Empirica Technologies

Question

Does the eigenvalue spectrum of large-cap equity return correlations exhibit a statistically significant spectral gap separating signal eigenvalues (representing real common factors) from the Marchenko-Pastur noise bulk, and does the number of signal factors vary systematically over time in a manner consistent with regime transitions?

Method

We computed the eigenvalue decomposition of the return correlation matrix for 11 large-cap U.S. equities (AAPL, AMZN, BAC, CVX, GOOGL, JNJ, JPM, META, MSFT, NVDA, PFE, XOM) using daily adjusted-close returns from yfinance over the window 2010-01-01 through 2024-12-31, yielding 3,772 observations. The ratio q = n_assets / n_obs = 0.003 is well within the asymptotic regime where random matrix theory applies.

We applied principal component analysis to the correlation matrix and compared the resulting eigenvalue spectrum to the Marchenko-Pastur (MP) null distribution, which describes the eigenvalue density of a correlation matrix constructed from purely random, uncorrelated data. Under the MP null with q = 0.003, eigenvalues should lie within the interval [0.8949, 1.1109]. Eigenvalues exceeding the upper bound 1.1109 are statistically distinguishable from random-matrix noise and represent genuine common factors driving covariation in the data.

To assess time variation, we recomputed the eigenvalue spectrum and factor count separately for each calendar year 2010–2024 using the same method (in-sample within each year), producing a rolling series of significant factor counts.

Result

Full-period spectrum

The top ten eigenvalues of the correlation matrix are: 5.1473, 1.5929, 0.9728, 0.7274, 0.5580, 0.5024, 0.4561, 0.3919, 0.3428, 0.1652. The Marchenko-Pastur upper bound is 1.1109 and the lower bound is 0.8949.

Two eigenvalues exceed the MP upper bound: λ₁ = 5.1473 and λ₂ = 1.5929. All remaining eigenvalues fall below the threshold, lying within or below the MP bulk.

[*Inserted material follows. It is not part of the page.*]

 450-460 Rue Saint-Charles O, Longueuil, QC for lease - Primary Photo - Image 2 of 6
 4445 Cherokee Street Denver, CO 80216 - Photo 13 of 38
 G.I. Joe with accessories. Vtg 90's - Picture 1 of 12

This constitutes a clear spectral gap: the top two eigenvalues are statistically significant factors; the remaining nine are consistent with noise.

The top factor (λ₁ = 5.1473) explains 46.79% of total variance. The two significant factors together explain 61.28% of variance. The third eigenvalue (0.9728) lies within the MP interval and is not distinguishable from noise.

Factor structure

Factor 1 (the dominant eigenvalue) loads most heavily on JPM (−0.343), MSFT (−0.335), and BAC (−0.331). This factor captures broad market comovement, with near-uniform negative loadings across financials and technology.

Factor 2 (the second significant eigenvalue) exhibits a bipolar structure: AMZN loads negatively (−0.399), while XOM (+0.395) and CVX (+0.368) load positively. This factor separates energy from technology/consumer discretionary, consistent with a sectoral or commodity-price-driven dimension orthogonal to the market factor.

Time variation in factor count

The per-year significant factor count (eigenvalues above the annual MP upper bound, recomputed in-sample each year) is:

2010–2015: 1 factor per year (a single dominant market mode)
2016: 2 factors
2017: 2 factors
2018: 1 factor
2019: 1 factor
2020: 2 factors
2021: 2 factors
2022: 2 factors
2023: 2 factors
2024: 2 factors

The factor count exhibits a structural shift. From 2010 through 2015, the correlation structure is dominated by a single significant factor. Beginning in 2016, a second factor emerges intermittently, then stabilizes: from 2020 onward, two factors are consistently significant. The years 2018–2019 revert briefly to a single-factor regime before the two-factor structure re-establishes.

Interpretation

What the spectrum reveals

The eigenvalue spectrum provides strong evidence of low-dimensional structure in large-cap equity returns. The spectral gap is unambiguous: the top two eigenvalues are 4.6 and 1.4 times the MP upper bound, respectively, while the third eigenvalue lies 12% below the threshold. This is not a marginal effect; the signal eigenvalues are separated from the noise bulk by a factor of approximately 5:1 in magnitude.

The two-factor structure is economically interpretable. Factor 1 is a broad market factor with near-uniform loadings, consistent with systematic risk. Factor 2 is a sectoral tilt separating energy (positive loadings on XOM, CVX) from technology and consumer discretionary (negative loading on AMZN). The orthogonality of these factors (by construction of PCA) implies that energy-versus-tech dispersion is a dimension of variation independent of overall market movement.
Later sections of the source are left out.